ASSIGNED TASK |
Find the lines below that contain the string "Small", count them, and give only the number.

RECORDS FOR THIS TASK |
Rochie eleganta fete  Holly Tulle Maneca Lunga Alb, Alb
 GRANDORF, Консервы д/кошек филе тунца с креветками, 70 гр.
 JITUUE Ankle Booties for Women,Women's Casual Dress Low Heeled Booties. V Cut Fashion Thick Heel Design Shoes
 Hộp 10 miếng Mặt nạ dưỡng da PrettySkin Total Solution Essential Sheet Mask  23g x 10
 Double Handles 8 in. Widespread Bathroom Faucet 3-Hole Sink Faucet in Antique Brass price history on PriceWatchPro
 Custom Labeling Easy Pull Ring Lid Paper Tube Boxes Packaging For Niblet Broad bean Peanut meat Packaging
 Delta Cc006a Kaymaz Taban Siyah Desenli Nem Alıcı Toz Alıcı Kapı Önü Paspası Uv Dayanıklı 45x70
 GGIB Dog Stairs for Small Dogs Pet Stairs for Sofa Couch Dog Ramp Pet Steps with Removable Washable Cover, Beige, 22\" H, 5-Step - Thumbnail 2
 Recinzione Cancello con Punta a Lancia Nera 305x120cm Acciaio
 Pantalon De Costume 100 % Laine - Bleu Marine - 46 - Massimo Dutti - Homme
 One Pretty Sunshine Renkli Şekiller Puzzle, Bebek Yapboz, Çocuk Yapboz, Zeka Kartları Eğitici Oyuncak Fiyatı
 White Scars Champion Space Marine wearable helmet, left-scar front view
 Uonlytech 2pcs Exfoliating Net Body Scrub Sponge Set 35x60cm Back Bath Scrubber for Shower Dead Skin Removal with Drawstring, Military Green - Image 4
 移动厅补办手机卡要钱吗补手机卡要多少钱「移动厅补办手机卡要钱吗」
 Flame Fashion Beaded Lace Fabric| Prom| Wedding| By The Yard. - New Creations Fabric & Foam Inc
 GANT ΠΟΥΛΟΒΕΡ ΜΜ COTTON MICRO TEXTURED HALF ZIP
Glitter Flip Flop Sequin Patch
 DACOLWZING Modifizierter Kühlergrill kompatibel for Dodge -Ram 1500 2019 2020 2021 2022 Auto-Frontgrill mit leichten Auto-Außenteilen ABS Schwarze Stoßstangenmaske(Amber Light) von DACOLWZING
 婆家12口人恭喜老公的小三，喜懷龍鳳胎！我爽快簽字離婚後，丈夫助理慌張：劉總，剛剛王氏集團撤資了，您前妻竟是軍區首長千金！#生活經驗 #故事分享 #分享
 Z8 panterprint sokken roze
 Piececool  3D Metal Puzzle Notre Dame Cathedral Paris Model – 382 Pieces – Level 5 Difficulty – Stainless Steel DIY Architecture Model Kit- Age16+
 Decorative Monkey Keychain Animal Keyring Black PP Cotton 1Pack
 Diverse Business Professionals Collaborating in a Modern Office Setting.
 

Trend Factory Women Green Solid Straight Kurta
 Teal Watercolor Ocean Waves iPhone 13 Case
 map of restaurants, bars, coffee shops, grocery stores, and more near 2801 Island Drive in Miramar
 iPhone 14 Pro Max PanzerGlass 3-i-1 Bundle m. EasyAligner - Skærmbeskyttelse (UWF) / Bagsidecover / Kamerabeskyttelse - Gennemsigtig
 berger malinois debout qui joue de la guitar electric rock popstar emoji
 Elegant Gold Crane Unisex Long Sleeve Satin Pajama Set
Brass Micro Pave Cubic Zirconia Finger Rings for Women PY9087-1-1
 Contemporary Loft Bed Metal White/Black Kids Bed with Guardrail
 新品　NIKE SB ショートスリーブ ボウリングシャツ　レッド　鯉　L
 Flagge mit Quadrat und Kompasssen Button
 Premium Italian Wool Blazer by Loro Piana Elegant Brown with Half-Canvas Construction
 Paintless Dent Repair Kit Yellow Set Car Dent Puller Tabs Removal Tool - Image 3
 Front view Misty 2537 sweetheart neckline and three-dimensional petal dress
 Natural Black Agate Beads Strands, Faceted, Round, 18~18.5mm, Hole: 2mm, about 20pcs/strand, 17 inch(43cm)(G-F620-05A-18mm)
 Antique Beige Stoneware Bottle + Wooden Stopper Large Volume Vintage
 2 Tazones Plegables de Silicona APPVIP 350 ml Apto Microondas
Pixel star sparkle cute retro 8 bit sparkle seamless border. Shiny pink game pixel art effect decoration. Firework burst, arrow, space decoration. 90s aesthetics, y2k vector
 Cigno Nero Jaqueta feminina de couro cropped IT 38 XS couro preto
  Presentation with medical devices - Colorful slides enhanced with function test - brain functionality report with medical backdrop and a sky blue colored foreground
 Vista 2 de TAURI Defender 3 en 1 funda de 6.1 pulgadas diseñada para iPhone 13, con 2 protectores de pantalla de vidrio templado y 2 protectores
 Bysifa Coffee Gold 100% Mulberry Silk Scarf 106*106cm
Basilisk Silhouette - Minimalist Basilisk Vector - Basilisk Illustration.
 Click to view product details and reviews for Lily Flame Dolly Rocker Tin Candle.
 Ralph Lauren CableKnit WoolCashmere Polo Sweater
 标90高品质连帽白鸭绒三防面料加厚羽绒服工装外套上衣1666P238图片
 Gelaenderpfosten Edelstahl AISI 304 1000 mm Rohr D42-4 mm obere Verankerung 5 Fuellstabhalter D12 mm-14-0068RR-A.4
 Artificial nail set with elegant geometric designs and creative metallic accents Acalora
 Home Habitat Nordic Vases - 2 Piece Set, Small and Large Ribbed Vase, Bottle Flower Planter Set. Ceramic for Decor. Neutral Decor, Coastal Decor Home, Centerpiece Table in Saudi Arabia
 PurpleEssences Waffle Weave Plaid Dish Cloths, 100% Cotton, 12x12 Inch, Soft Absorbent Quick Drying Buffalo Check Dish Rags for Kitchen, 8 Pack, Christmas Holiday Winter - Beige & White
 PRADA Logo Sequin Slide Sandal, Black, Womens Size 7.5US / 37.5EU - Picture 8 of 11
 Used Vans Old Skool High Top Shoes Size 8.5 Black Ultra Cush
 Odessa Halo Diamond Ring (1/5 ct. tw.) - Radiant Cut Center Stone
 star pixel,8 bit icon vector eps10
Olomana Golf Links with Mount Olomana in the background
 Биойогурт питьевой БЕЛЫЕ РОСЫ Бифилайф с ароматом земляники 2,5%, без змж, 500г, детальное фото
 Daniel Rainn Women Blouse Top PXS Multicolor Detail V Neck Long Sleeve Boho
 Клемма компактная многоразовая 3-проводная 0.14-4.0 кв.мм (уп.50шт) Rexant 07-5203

TASK OUTPUT |
2